*** Recorded data

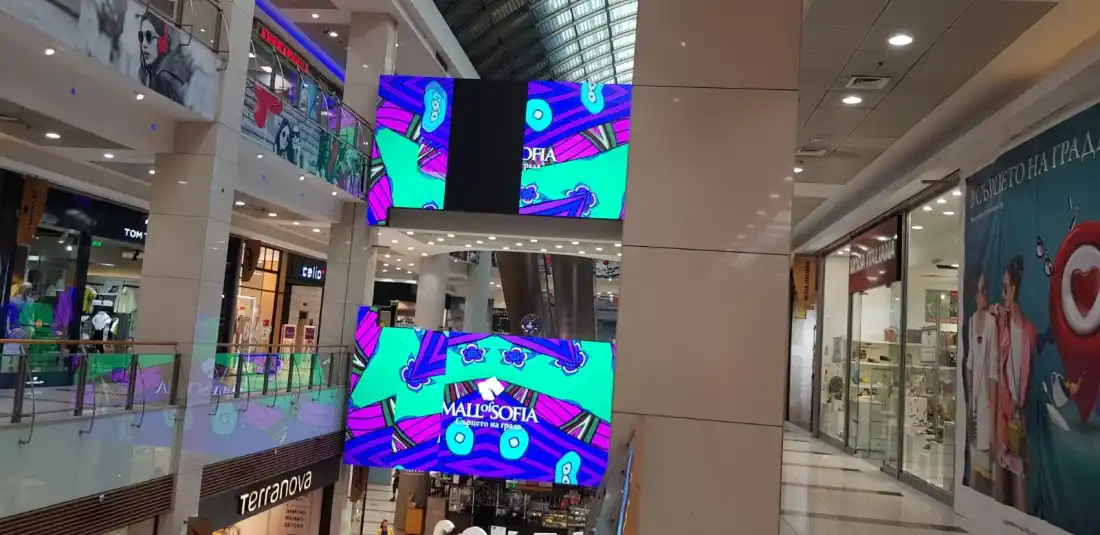 Два LED екрана на колона в Mall of Sofia, на горния има тъмна вертикална ивица без сигнал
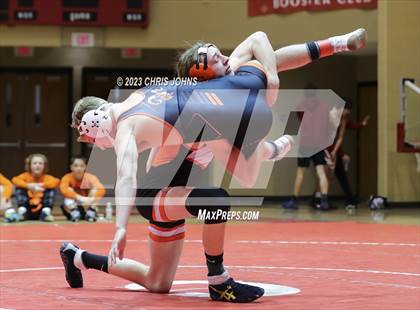 Thumbnail 2 in IHSA, 2A, Centralia Regional photogallery.
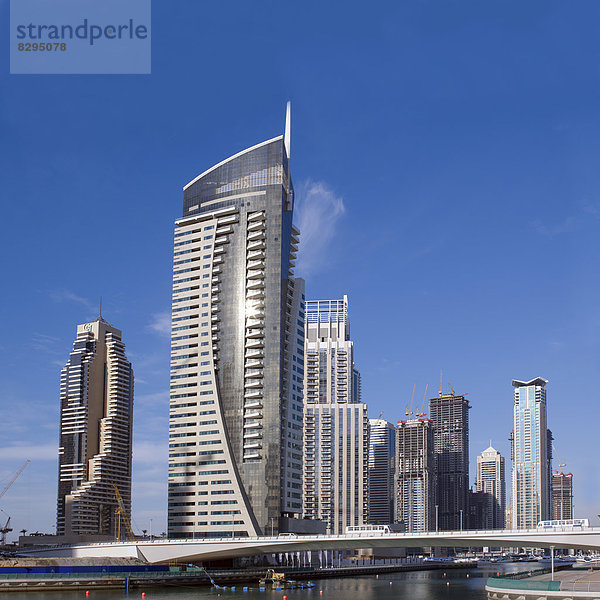 Vereinigte Arabische Emirate  Dubai  Dubai Marina  Yachthafen mit Wolkenkratzern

******

| Prompt |
Recopy the full listing exactly, passing over any picture.

| Answer for the task |
 Два LED екрана на колона в Mall of Sofia, на горния има тъмна вертикална ивица без сигнал
 Thumbnail 2 in IHSA, 2A, Centralia Regional photogallery.
 Vereinigte Arabische Emirate  Dubai  Dubai Marina  Yachthafen mit Wolkenkratzern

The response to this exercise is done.